Question

Write function distance that calculates the distance between two points \((x I, y l)\) and \((x 2, y 2) .\) All numbers and return values should be of type double.

Short answer

The function `distance` calculates the Euclidean distance between points \( (x_1, y_1) \) and \( (x_2, y_2) \) using the formula \( d = \sqrt{(x_2 - x_1)^2 + (y_2 - y_1)^2} \) and returns the result as type double.

Step-by-step solution

Understanding the distance formula

Recognize that the distance between two points \( (x_1, y_1) \) and \( (x_2, y_2) \) in the Cartesian coordinate system can be computed using the distance formula derived from the Pythagorean theorem. The formula is \( d = \sqrt{(x_2 - x_1)^2 + (y_2 - y_1)^2} \).

Function setup

Begin by defining a function called `distance` that accepts four parameters representing the coordinates of the two points: `distance(double x1, double y1, double x2, double y2)`. This function will return a `double` which is the result of the distance computation.
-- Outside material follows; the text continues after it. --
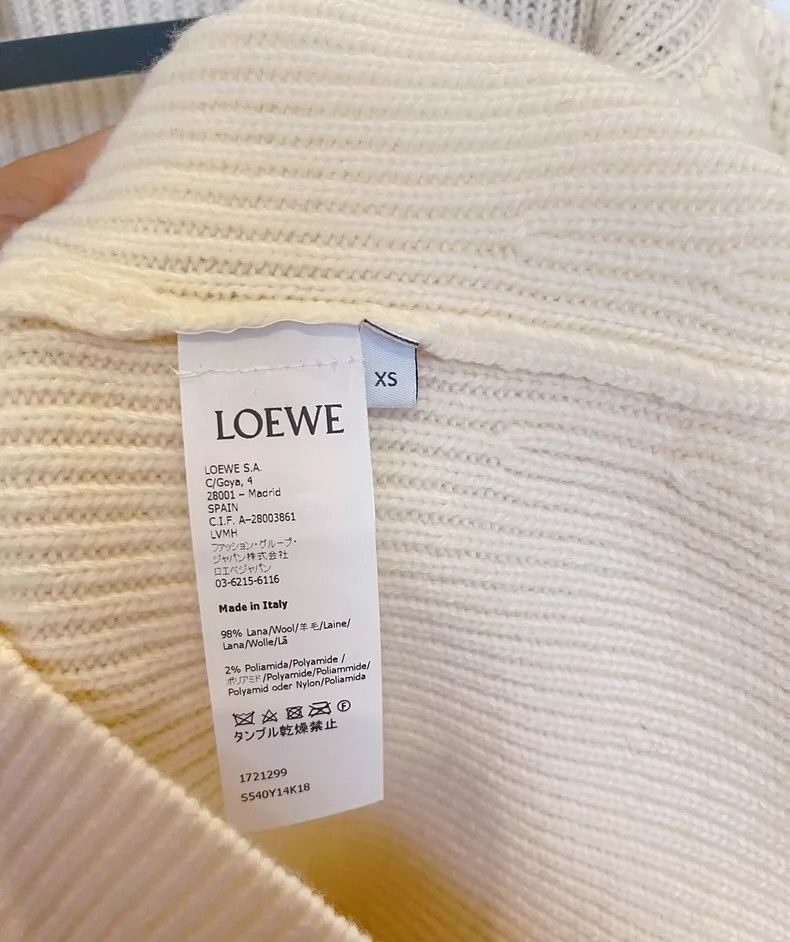 Loewe Loewe V-Neck Puff Sleeve Sweater - dmc Size US XS / EU 42 / 0 - 4 Thumbnail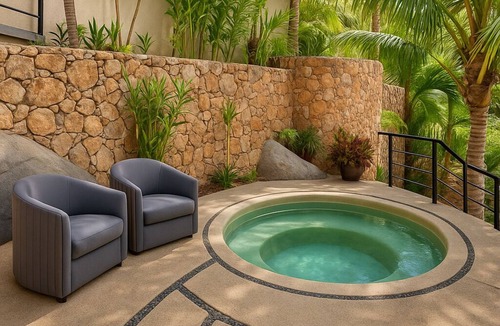 Boca de Tomatlan Villa | Beach Frontage Family vacation Villa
Calculating the differences

Inside the function, calculate the differences between the x-coordinates \( (x_2 - x_1) \) and the y-coordinates \( (y_2 - y_1) \). Store these values in two separate variables, for example: `double dx = x2 - x1;` and `double dy = y2 - y1;`.
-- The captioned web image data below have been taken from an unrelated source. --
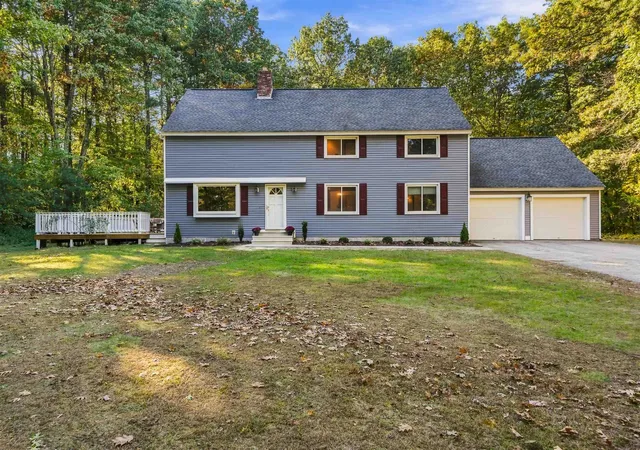 Single family home for sale at 19 Fordway Ext, Windham, NH 03087 | MLS# 5113528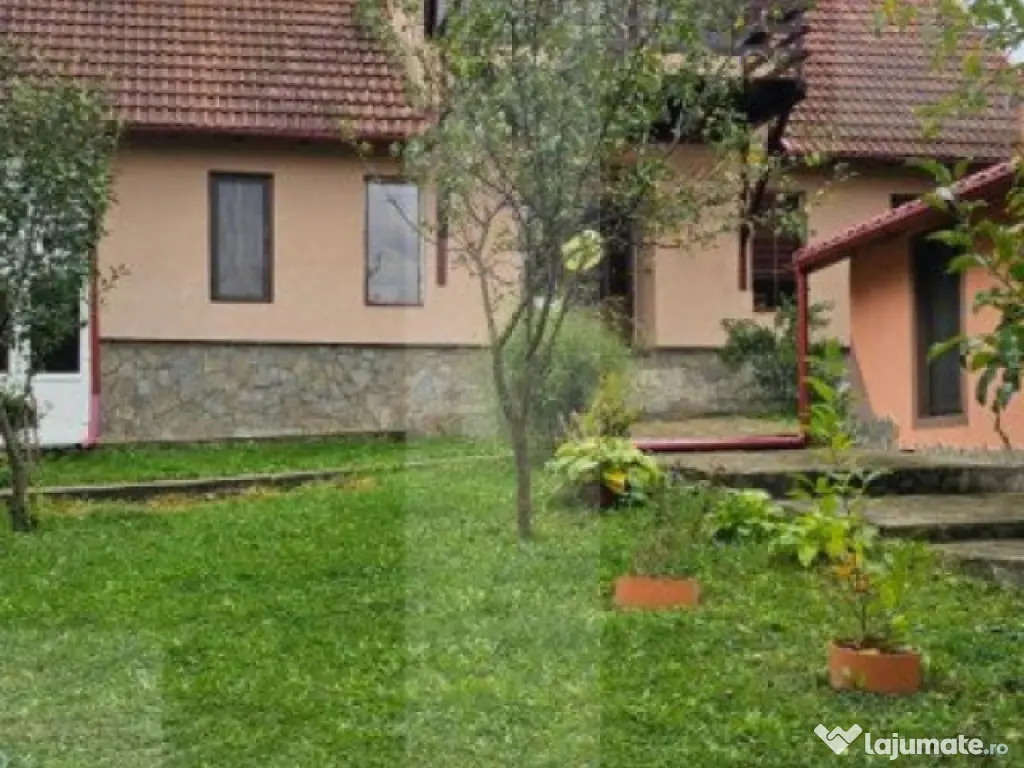 Casa de vanzare, cu 6 camere, 160 mp, zona Barcani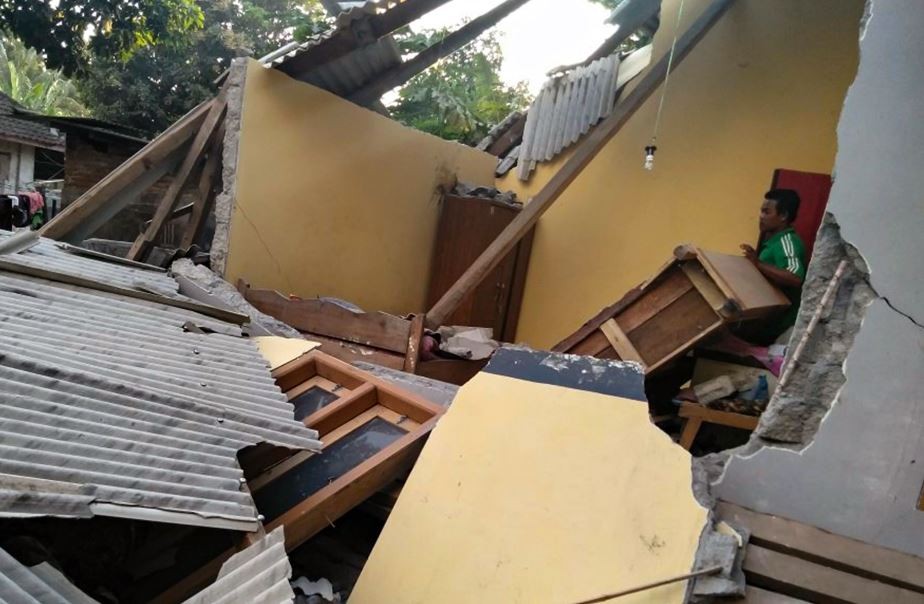 Powerful quake kills 14 on Indonesian tourist island Lombok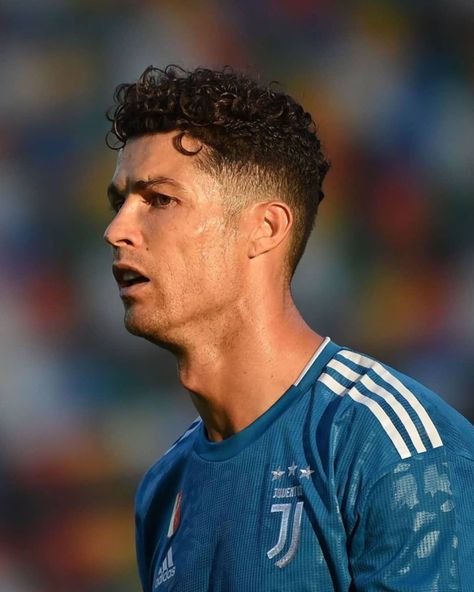 Ronaldo Wallpaper Juventus, Cr7 Haircut, Cristiano Ronaldo Haircut, Ronaldo Images, Ronaldo News, Ronaldo Hair, Noodle Hair, Cristiano Ronaldo Hairstyle, Ronaldo Haircut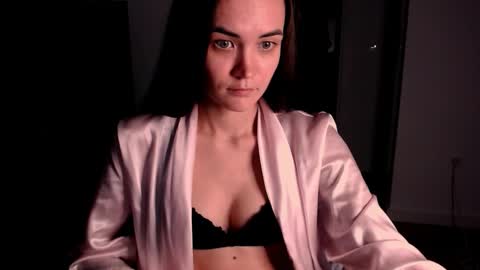 Snapshot of evelyn_gg chatting on October 5, 9:44 pm Evelyn online show from October 5, 9:44 pm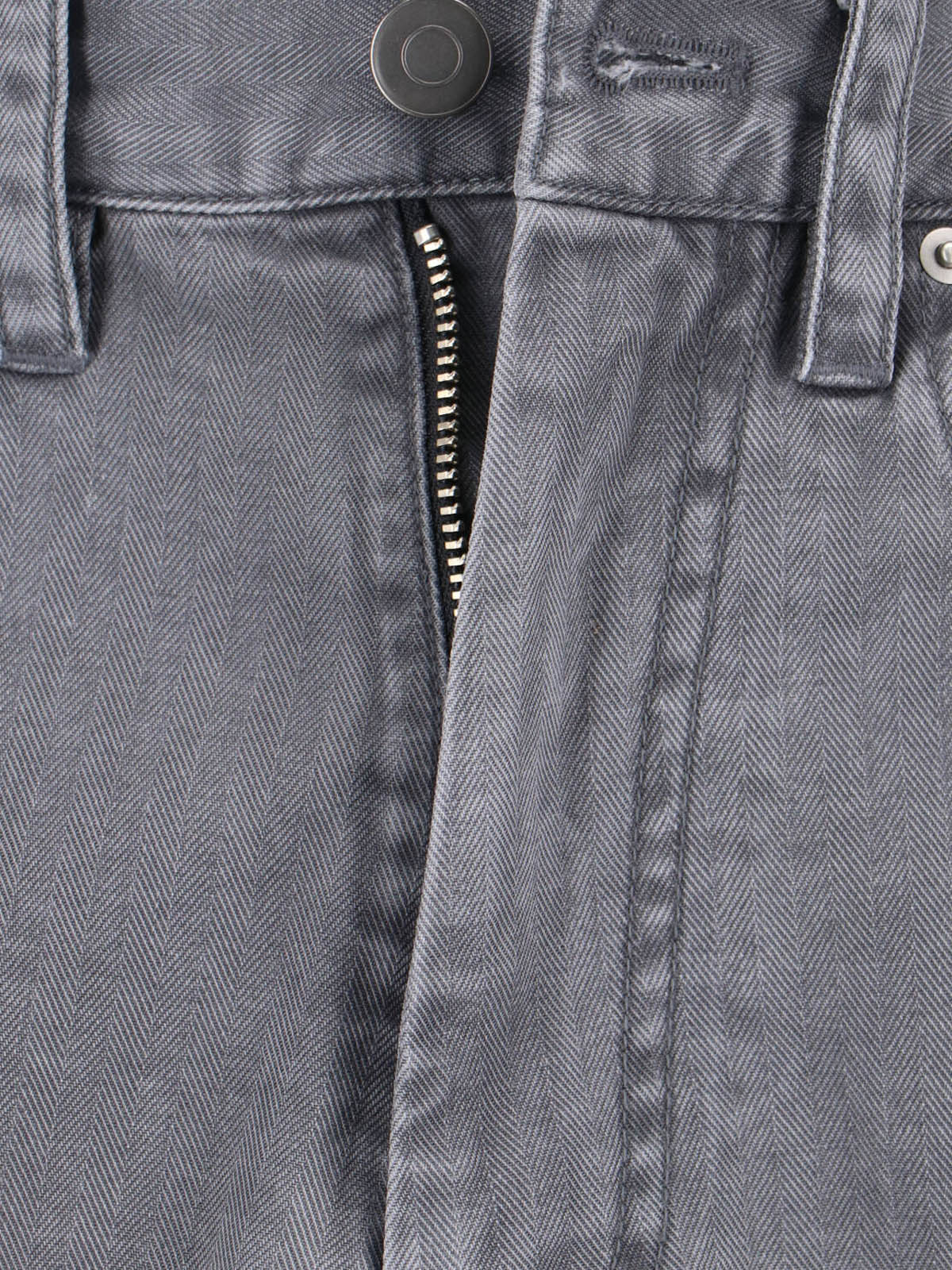 Straight-Leg Cargo Shorts And Zip Fly Closure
Applying the distance formula

Compute the square of the differences, add them, and then take the square root to find the distance. Use the C++ `std::pow` function for squaring and `std::sqrt` function for the square root. The calculation can be written as `double dist = std::sqrt(std::pow(dx, 2) + std::pow(dy, 2));`.

Returning the result

Finally, return the calculated distance `dist` from the function.

Key concepts

Pythagorean Theorem

The Pythagorean theorem is a fundamental principle in geometry that relates the lengths of the sides of a right-angled triangle. It states that in a right-angled triangle, the square of the length of the hypotenuse (the side opposite the right angle) is equal to the sum of the squares of the lengths of the other two sides. This relationship is expressed mathematically as \( c^2 = a^2 + b^2 \), where \( c \) is the length of the hypotenuse, and \( a \) and \( b \) are the lengths of the other two sides.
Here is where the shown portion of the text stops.